The Dragon is roomy enough for a few-day trip to the ISS, but it might become pretty cramped after a couple weeks for two people, let alone the 500 days it will take for the trip to Mars and back. The trip will be spartan. One of the biggest dangers of the trip might be psychological -- humans, like rats, can become aggressive, and even murderous when confined in too-close quarters for too long. And packing enough food and water for that many months won’t leave a lot of volume for stretching out, or basic privacy.

And even if they manage to survive the trip without killing each other, radiation in deep space will be a major issue. Most NASA plans for Mars missions assume the use of large amounts of water for shielding, but there isn’t enough volume or mass to have that in the Dragon. Other health problems will arise from the long period spent in weightlessness, which deconditions the cardiovascular system and reduces bone density, and even affects eyesight. But for this mission, that won’t be a problem until the return to earth, since there are no plans to descend into the gravity well of Mars or operate on the alien world.

Some of these problems  -- the lack of habitable volume the radiation issues, for example -- could be alleviated with a larger vehicle, such as a Bigelow BA 330 module. Coupling the Dragon with such a facility would make the trip relatively luxurious, but also much more costly in terms of required mass delivered to orbit, demanding multiple Falcon Heavy flights, rather than a single one. Between the extra launches and the cost of the Bigelow module, it would take the mission costs from less than half a billion to closer to a full billion. On the other hand, it would allow more people to go in more comfort, so perhaps the money could be raised with additional ticket sales.

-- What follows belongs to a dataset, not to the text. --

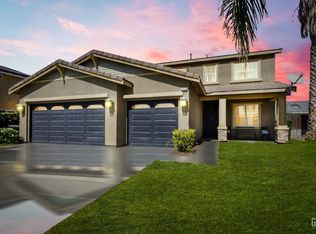 5408 Transparent Ct, Bakersfield, CA 93313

One thing is certain — this is not a mission that NASA, in its institutional risk aversion (encouraged by Congress) could or would attempt, particularly since it would have the appearance of a stunt, with no scientific benefit. If it occurs, such boldness will be left to the private sector. And that’s perhaps not such a bad thing. In any event, we’ll find out when they make their formal announcement early next month, a week from Sunday.